方思巧并不害怕虎妞,其實她自己也挺看不慣新來的那些家丁,盡是背后偷懶。
這家中的事情,轉(zhuǎn)來轉(zhuǎn)去,還是她和紀景蘭還有周晴晴幾個人干。
今早紀景蘭和周晴晴陪初小七上香去了,她一個人在這家中忙里忙外的。
那些家丁丫鬟只管裝模作樣的拿著掃帚,找個角落站著聊天。
把她給累得半死。
她本來也是想等初小七回來以后,給她說說這個情況,讓她把人給安排一下。
別個個都沒事干,畢竟不是誰都像他們自己人一般,干活那么主動積極。
“好,我這就過去,將就買些食物回來。”
“等等……”虎妞聽到她要去市場采買,將人給叫住。
“你只管先去把人牙子叫來,我將家中安排好了跟你一起去采買。”
方思巧還以為虎妞不信任她采買,但虎妞接著道:
“這剛搬進來,需要采買的東西很多。
你一個人哪里拿得動那么多東西?
等我安排好了,我與你一起去買。”
方思巧打消心中疑慮,咧著嘴點頭,轉(zhuǎn)身跑出家門。
虎妞的這一通操作,不僅把偷奸耍滑的家丁丫鬟給唬住了,也把紀家人給嚇得大氣都不敢出。
一掌就能拍碎一個花盆,這要是拍在腦瓜子上,那腦漿不是都得被拍出來?
其他人最多就是被震懾住了,有些不知所措。唯獨紀母被嚇得差點兒尿褲子,躲在角落里面連頭都不敢抬起來。
紀景蘭雖然很害怕虎妞,但還是壯著膽子上前。
“虎妞姐姐,你看我和晴晴能做些什么?”
虎妞轉(zhuǎn)頭看向紀子墨,示意他介紹。
紀子墨也會心的指著紀景蘭介紹,“我爹的親妹妹紀景蘭,我的小姑。”接著轉(zhuǎn)頭看向周晴晴,“我小姑未婚夫的妹妹,周晴晴,我叫她晴姨。”

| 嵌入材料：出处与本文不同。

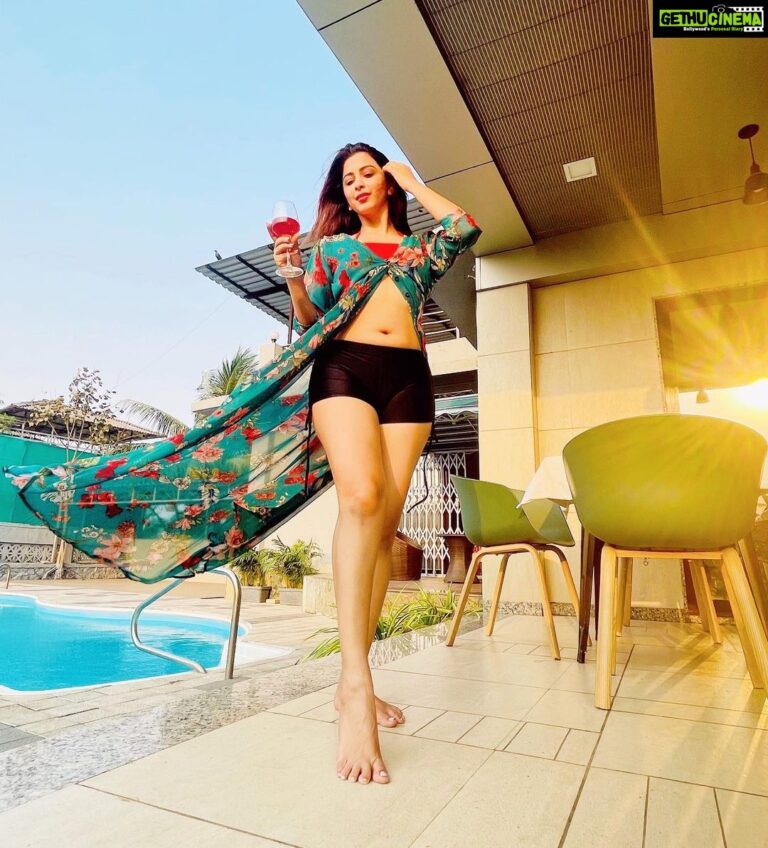 Eshanya Maheshwari Instagram - Summer is here 🌞😅 Let’s cool down 😉 at 💁🏻‍♀️ @jumbopoolvilla With @getaway.villas . . #summer #staycation #maharashtra #travel #instatravel #travelblogger #esshanya #esshanyamaheshwari Jumbo Pool Villa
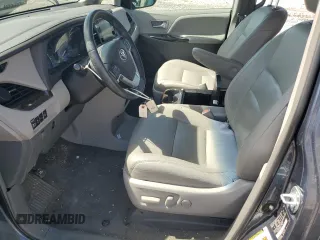 2015 Toyota Sienna XLE с VIN 5TDYK3DC7FS600281, выставлен на аукционе Copart как лот 53738065 с пробегом 91 207 миль миль и Списание • Salvage title. История ставок и продаж доступна на DreamBid. Изображение 7.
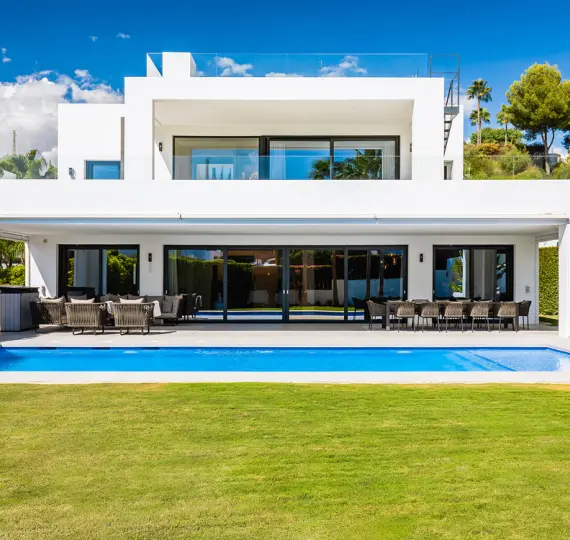 Sale of detached villa in Nueva Andalucía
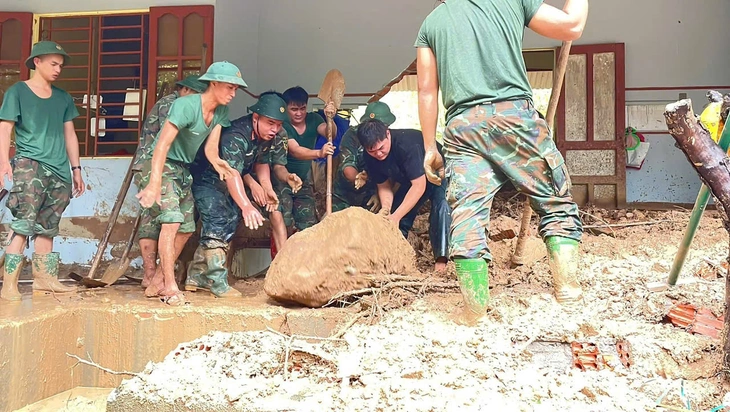 Cõng từng bao gạo tiếp tế cho 3.000 hộ dân vùng sạt lở - Ảnh 4.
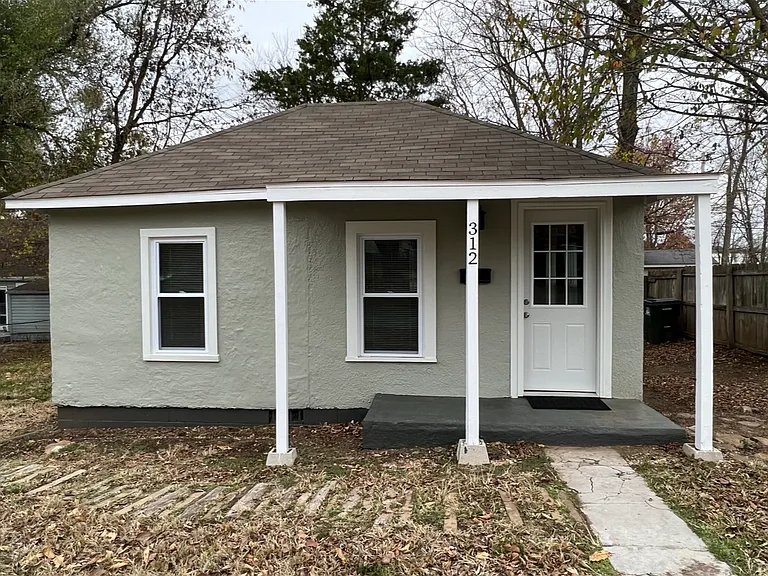 312 W Center St — Photo 1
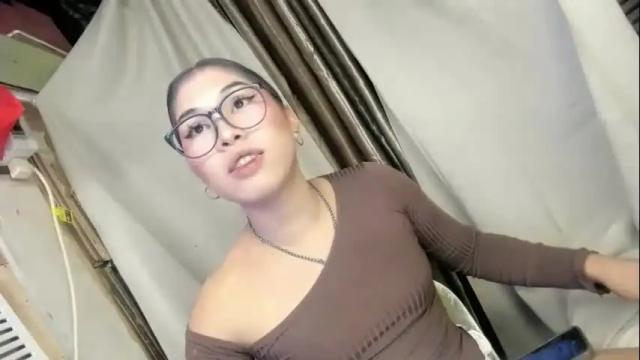 Image 4 of sky_fox_sweetxx Stream on Chaturbate on 1 month ago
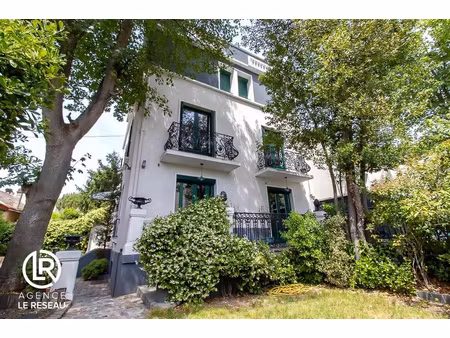 maison en parfait état avec jardin situé dans quartier résid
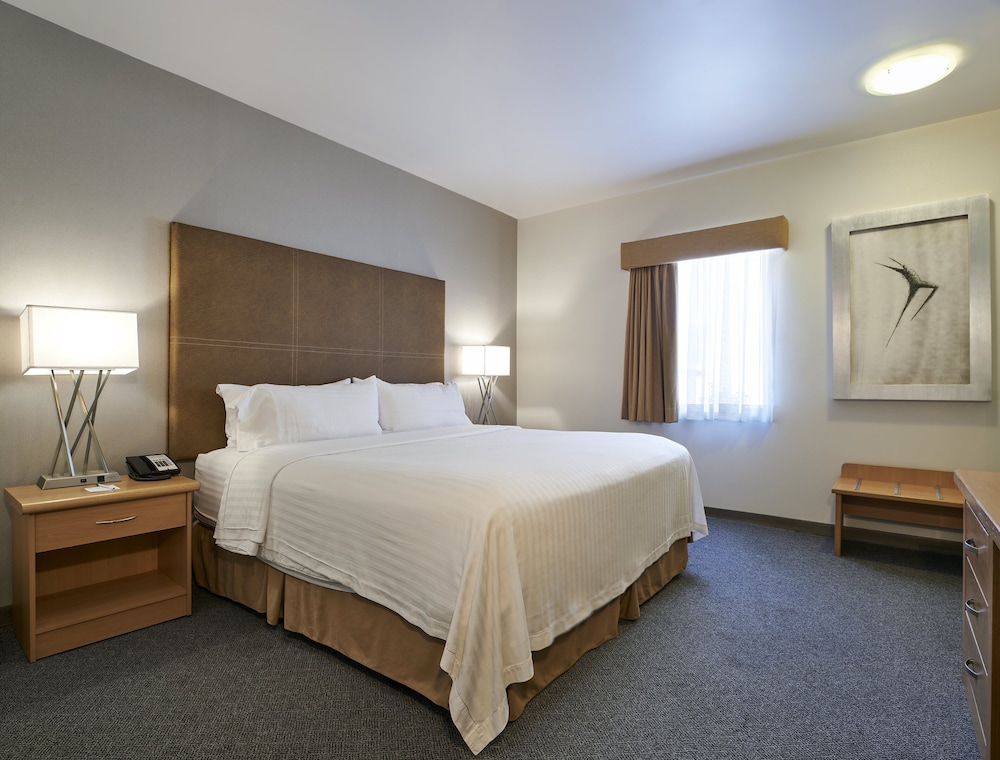 Suite, Multiple Beds - Photo 2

說完,又在后面加了句,“她們平時對我老好了,也很聽娘親的話。”
虎妞了然的點頭,“那既是家中的主子,就不用做事,自己想干啥就干點啥。”
紀景蘭和周晴晴還第一次聽到有人說她們是主子,怪不適應(yīng)的。
“虎妞姐姐,在我們家人人都得做事情,沒有什么主子不主子的。
我們以前都是聽大嫂的,她怎么安排,我們就怎么做。”
虎妞轉(zhuǎn)念一想,這紀家以前是貧農(nóng),還真不能把皇親貴胄的那套生活方式,強加在他們身上。

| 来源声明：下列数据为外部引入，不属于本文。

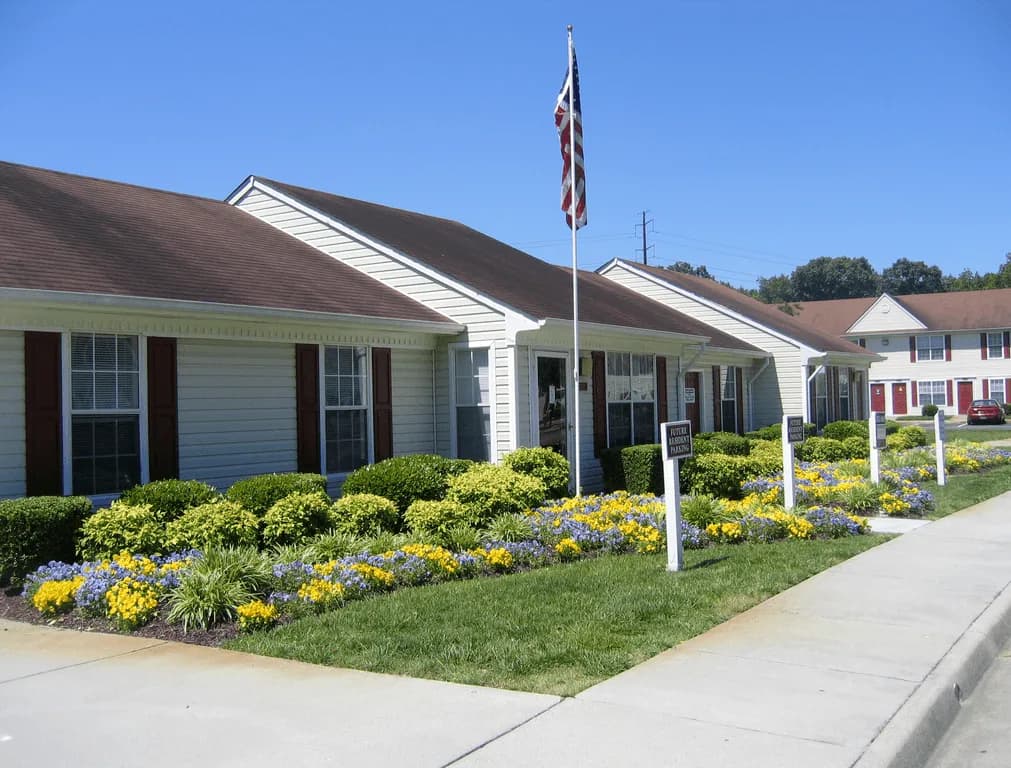 Woodbridge Apartments 1 of 2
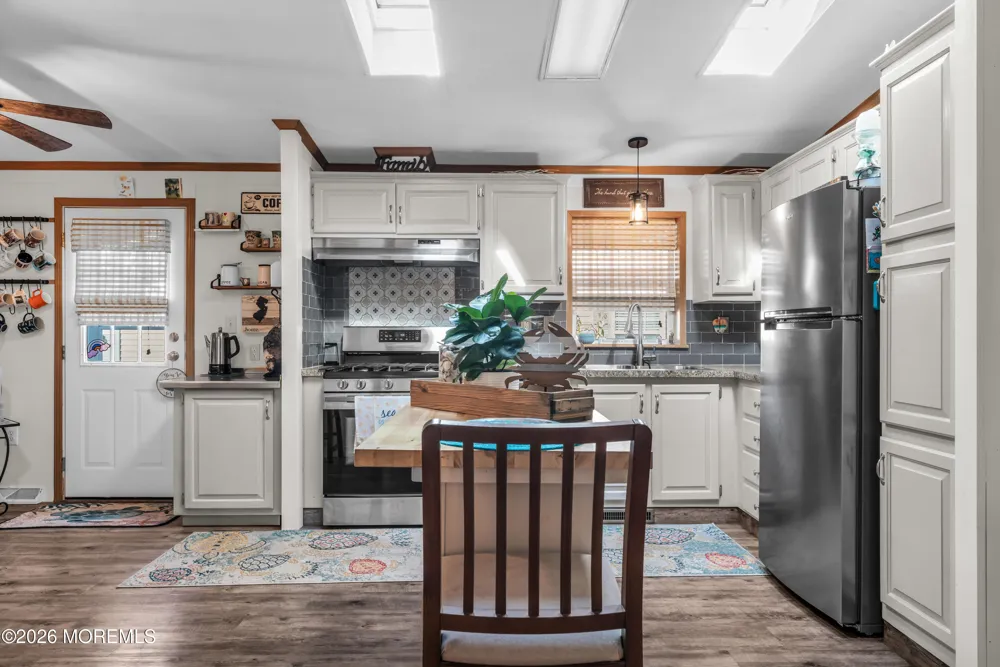 610 Walden Way Whiting, NJ 08759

這階級的跨越,富人的貴氣,可也不是一朝一夕能修煉出來的。
“那你們會什么呀?”
“我們會針線,會刺繡。
前段時間,大嫂送我們?nèi)ケ焙涌h最大的布莊學(xué)習(xí)過。
是由宮里尚衣局出來的嬤嬤,親自教習(xí)的。”
“那行吧,一會你們跟著一起上街,采購一批布料回來,給家里人做兩身春裝。
等過幾天,我找兩個繡娘回來,你們以后就負責(zé)監(jiān)督她們的手工活。”
紀景蘭和周晴晴兩人睜大雙眼,震驚的對視了一眼。
啥?
家里還要請專門的繡娘?
在他們北河縣,地主家中都沒有專門請繡娘。也只有像縣令,陳員外,還有李家這種超級有錢的人家,才會請繡娘。

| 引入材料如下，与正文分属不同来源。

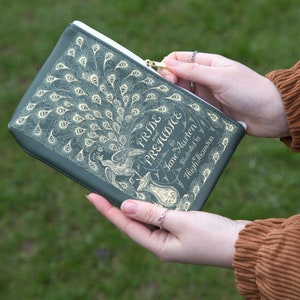 Lokaler EU-Versand Buchliebhaber Geschenk, Büchertasche Stolz und Vorurteil, Jane Austen Buch Geldbörse, Muttertagsgeschenke, Bücherwurm Tragetaschen, Buch Clutch Pouch Purse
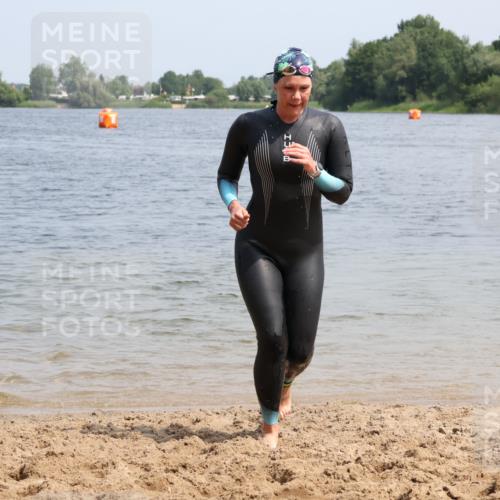 21.06.2025 - 27. Vierlanden-Triathlon Lena Gebhardt http://msf.ph/oto/8036196 15.06.2025 11:30:36 Schwimmen 910 meine-sportfotos.de
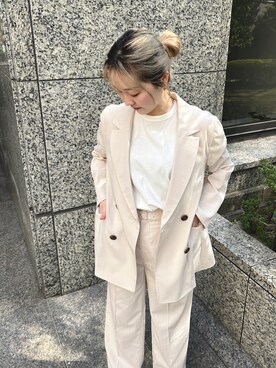「ハイウエストパンツ」｜「アイテム（ジャケット/アウター）」を使った、RINAさん（レディース・160cm）の春コーディネート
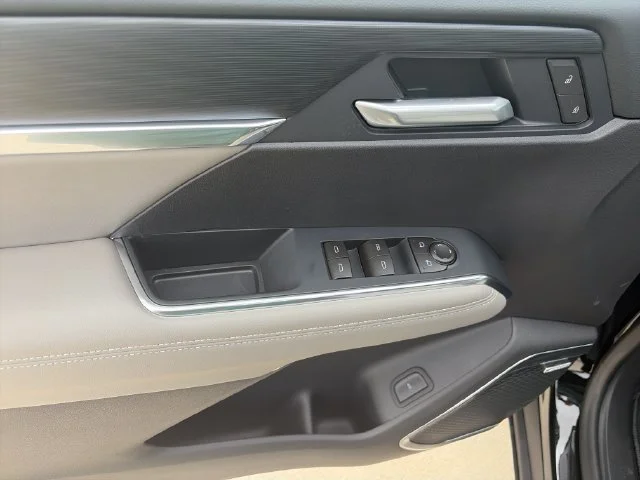 New 2027 Black GMC Elevation image 17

兩人還在云里霧里,紀父撓著后腦勺湊過來,“姑娘,你看我能做些什么?
我沒文化,認識一些簡單的字兒。
以前在家就負責(zé)劈柴火。”
虎妞扯了扯嘴角——自家小姐這到底是嫁了個什么樣的家庭?
連老爺子都要找事做。
“如果你愿意,就繼續(xù)跟著劈柴。累了你想干啥干啥。
喝茶,看書,上街,遛鳥……
多的是可消遣時間的事情做!”
她真是無語了,自己非得好好勸說自家小姐,早點兒和離,跟這一家子劃清界限。
這都是啥人呀?
此時,初小七正唉聲嘆氣的哄吸著鼻子,眼淚吧嗒的紀景軒。
這哭兮包真是原著中,慫恿皇帝誅了她九族的腹黑男?
他到底是怎么說服皇帝下旨的?
難道也像現(xiàn)在這般,哭哭啼啼的?
初小七不禁打了個冷擺子,這臆想簡直污穢了她這顆純潔的心靈。
“別哭了行嗎?
虎妞她擅于管家之術(shù),那我肯定要安排她去做對應(yīng)的工作嘛。
我這不也是想讓你好好的復(fù)習(xí),全力以赴的參加會試嗎?
咋就讓你產(chǎn)生了那么多奇奇怪怪的想法呢?”
“你就是信了那虎妞的話,認為家里人想要害你性命,謀你的錢財。”紀景軒吸著鼻涕隱忍的道。
初小七手里的事情還很多,可沒有時間和他在這里拉扯,準備強行停止這場毫無意義的對話。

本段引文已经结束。